All that should be output is the block of lines below from the line with "Yellow Mini Melissa" to the line with "plesteyşin: Sony PlayStation", both included, exactly as written.

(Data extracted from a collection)
= = = = =
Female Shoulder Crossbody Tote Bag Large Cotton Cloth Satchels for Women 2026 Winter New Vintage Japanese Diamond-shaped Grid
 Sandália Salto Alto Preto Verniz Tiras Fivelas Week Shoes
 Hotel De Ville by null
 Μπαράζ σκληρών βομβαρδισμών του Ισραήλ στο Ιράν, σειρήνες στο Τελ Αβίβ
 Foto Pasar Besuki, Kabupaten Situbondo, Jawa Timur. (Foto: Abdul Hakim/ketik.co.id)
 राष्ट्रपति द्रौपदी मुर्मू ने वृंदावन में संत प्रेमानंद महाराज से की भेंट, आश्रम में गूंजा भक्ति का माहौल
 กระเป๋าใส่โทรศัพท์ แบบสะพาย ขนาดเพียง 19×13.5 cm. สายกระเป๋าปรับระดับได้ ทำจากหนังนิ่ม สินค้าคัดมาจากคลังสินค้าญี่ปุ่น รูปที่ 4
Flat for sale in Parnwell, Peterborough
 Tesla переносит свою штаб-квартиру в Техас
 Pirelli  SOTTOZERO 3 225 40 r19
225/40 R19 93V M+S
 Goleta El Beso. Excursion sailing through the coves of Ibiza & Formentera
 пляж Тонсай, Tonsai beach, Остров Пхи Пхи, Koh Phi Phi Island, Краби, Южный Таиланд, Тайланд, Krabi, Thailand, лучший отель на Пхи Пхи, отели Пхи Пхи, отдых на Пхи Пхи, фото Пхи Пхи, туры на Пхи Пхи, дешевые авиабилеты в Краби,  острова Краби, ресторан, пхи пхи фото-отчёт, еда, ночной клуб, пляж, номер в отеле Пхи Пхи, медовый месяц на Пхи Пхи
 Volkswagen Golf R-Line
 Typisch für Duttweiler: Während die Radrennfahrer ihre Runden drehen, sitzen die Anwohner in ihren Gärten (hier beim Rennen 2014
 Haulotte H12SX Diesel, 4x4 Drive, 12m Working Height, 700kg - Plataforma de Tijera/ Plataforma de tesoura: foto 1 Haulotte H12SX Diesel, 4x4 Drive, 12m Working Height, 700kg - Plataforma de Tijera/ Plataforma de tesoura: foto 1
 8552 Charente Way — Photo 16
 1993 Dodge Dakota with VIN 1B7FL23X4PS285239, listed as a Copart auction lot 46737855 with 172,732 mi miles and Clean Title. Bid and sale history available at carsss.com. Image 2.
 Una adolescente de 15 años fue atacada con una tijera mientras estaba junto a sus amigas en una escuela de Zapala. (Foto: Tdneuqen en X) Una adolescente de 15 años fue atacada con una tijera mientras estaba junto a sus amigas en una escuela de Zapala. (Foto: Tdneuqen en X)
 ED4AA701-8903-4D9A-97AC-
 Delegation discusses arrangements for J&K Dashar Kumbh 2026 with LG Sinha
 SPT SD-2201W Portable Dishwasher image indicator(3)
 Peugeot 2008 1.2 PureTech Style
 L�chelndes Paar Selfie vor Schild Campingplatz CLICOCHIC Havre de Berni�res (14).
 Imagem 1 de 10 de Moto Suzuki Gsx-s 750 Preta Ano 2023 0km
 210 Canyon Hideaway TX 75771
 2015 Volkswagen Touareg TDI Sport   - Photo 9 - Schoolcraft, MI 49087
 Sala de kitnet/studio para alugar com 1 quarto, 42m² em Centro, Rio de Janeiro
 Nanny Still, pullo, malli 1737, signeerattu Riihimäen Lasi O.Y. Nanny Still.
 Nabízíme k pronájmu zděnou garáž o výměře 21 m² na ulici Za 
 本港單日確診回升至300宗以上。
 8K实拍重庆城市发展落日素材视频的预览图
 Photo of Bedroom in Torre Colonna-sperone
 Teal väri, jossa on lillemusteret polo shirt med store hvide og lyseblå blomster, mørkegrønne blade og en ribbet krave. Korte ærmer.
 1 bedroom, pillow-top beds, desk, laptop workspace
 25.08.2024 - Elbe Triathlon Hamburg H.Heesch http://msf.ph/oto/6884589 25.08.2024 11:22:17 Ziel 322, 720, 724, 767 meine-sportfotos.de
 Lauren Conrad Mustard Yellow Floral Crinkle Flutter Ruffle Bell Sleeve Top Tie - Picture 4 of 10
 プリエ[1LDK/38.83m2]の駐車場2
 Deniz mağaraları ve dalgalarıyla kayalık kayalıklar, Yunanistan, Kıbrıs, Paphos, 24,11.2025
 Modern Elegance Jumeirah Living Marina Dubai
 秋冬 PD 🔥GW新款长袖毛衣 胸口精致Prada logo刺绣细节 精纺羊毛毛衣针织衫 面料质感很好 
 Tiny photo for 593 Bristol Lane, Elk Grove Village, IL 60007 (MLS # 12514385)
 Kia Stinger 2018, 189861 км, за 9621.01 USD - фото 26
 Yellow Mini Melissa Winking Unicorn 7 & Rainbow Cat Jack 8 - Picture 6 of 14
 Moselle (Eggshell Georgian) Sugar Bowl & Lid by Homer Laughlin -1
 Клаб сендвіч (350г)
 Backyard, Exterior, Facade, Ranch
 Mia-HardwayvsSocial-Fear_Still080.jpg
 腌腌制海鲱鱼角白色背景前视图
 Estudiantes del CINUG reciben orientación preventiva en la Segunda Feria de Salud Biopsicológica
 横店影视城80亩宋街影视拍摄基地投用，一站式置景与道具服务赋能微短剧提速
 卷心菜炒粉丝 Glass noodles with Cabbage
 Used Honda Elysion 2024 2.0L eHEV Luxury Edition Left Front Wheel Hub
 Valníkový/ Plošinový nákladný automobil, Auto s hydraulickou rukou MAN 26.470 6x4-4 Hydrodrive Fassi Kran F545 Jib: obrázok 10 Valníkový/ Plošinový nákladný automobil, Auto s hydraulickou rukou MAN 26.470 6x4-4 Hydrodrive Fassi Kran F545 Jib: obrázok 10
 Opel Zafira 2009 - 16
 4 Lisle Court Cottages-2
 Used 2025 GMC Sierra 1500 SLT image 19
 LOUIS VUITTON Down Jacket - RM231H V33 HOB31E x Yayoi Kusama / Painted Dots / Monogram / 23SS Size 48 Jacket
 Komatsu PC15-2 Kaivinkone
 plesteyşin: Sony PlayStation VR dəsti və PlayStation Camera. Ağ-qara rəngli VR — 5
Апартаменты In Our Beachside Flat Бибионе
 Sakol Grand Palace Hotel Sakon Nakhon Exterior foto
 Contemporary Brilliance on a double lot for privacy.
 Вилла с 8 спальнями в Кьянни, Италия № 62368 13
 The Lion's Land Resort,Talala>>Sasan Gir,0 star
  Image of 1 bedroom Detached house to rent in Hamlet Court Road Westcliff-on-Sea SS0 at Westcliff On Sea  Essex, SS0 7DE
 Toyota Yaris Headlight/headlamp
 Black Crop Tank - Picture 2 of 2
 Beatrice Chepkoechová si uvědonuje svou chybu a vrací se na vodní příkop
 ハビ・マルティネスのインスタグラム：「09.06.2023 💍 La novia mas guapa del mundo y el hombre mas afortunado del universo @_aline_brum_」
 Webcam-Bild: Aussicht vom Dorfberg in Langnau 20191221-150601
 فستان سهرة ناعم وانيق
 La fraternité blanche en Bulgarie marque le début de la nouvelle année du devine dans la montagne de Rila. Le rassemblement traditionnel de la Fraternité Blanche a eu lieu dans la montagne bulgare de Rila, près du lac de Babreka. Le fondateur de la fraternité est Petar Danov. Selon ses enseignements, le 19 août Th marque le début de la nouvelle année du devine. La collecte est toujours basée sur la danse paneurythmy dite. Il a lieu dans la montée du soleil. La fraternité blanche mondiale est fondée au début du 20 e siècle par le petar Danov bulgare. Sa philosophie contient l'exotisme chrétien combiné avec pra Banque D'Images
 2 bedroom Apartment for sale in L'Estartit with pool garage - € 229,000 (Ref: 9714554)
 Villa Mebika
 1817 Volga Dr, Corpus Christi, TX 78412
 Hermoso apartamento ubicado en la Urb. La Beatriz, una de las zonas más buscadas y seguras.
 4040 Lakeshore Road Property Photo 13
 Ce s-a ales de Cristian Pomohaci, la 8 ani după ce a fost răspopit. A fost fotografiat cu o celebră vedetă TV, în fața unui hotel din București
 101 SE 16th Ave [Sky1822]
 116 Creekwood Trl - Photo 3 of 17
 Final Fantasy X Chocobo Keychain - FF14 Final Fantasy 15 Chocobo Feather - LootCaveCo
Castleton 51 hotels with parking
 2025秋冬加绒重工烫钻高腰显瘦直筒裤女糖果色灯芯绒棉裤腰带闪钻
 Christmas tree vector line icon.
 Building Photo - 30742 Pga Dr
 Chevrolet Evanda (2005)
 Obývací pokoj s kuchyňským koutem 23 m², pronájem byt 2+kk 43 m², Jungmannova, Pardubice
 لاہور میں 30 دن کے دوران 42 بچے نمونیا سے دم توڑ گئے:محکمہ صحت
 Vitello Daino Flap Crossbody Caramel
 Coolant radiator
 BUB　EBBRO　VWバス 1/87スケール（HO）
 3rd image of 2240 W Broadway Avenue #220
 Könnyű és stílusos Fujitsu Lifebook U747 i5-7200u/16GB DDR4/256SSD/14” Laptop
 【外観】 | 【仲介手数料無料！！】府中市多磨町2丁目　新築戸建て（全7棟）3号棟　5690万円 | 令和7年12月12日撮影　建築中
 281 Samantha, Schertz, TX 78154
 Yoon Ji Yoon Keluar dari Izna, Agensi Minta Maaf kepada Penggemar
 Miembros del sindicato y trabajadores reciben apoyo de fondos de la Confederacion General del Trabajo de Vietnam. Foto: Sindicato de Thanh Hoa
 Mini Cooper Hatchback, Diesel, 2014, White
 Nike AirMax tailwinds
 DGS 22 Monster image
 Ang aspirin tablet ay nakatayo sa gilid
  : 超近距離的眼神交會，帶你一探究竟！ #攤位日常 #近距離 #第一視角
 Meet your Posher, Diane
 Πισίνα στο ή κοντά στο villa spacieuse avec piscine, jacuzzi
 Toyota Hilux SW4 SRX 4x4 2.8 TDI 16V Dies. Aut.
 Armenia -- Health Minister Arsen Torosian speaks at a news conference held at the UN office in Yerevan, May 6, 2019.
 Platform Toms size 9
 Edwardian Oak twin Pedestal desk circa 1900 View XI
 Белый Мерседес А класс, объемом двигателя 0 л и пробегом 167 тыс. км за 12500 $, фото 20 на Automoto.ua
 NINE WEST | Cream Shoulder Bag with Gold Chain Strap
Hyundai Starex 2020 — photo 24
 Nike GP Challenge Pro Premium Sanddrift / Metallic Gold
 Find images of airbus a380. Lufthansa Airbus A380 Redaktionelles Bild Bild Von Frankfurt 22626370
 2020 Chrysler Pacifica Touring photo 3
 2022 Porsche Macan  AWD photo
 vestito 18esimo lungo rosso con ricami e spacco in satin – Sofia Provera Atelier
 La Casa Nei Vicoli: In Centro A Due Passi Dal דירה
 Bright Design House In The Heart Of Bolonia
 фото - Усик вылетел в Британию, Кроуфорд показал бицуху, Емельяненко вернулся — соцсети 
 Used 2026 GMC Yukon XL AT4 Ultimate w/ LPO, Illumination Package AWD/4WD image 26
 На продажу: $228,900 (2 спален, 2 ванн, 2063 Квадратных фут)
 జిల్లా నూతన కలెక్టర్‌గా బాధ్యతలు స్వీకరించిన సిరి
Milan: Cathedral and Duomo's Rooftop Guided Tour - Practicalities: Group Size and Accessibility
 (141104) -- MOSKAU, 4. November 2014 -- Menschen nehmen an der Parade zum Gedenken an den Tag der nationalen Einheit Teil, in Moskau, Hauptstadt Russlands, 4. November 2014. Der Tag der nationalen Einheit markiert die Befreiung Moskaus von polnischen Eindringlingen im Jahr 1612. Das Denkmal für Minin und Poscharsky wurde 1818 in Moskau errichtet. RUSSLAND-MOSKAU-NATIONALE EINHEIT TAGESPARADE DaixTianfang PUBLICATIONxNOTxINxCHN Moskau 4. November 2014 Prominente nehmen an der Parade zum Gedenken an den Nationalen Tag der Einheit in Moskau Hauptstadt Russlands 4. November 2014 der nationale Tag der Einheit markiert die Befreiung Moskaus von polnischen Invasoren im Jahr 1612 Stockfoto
= = = = =
- _Response box_:
 Yellow Mini Melissa Winking Unicorn 7 & Rainbow Cat Jack 8 - Picture 6 of 14
 Moselle (Eggshell Georgian) Sugar Bowl & Lid by Homer Laughlin -1
 Клаб сендвіч (350г)
 Backyard, Exterior, Facade, Ranch
 Mia-HardwayvsSocial-Fear_Still080.jpg
 腌腌制海鲱鱼角白色背景前视图
 Estudiantes del CINUG reciben orientación preventiva en la Segunda Feria de Salud Biopsicológica
 横店影视城80亩宋街影视拍摄基地投用，一站式置景与道具服务赋能微短剧提速
 卷心菜炒粉丝 Glass noodles with Cabbage
 Used Honda Elysion 2024 2.0L eHEV Luxury Edition Left Front Wheel Hub
 Valníkový/ Plošinový nákladný automobil, Auto s hydraulickou rukou MAN 26.470 6x4-4 Hydrodrive Fassi Kran F545 Jib: obrázok 10 Valníkový/ Plošinový nákladný automobil, Auto s hydraulickou rukou MAN 26.470 6x4-4 Hydrodrive Fassi Kran F545 Jib: obrázok 10
 Opel Zafira 2009 - 16
 4 Lisle Court Cottages-2
 Used 2025 GMC Sierra 1500 SLT image 19
 LOUIS VUITTON Down Jacket - RM231H V33 HOB31E x Yayoi Kusama / Painted Dots / Monogram / 23SS Size 48 Jacket
 Komatsu PC15-2 Kaivinkone
 plesteyşin: Sony PlayStation VR dəsti və PlayStation Camera. Ağ-qara rəngli VR — 5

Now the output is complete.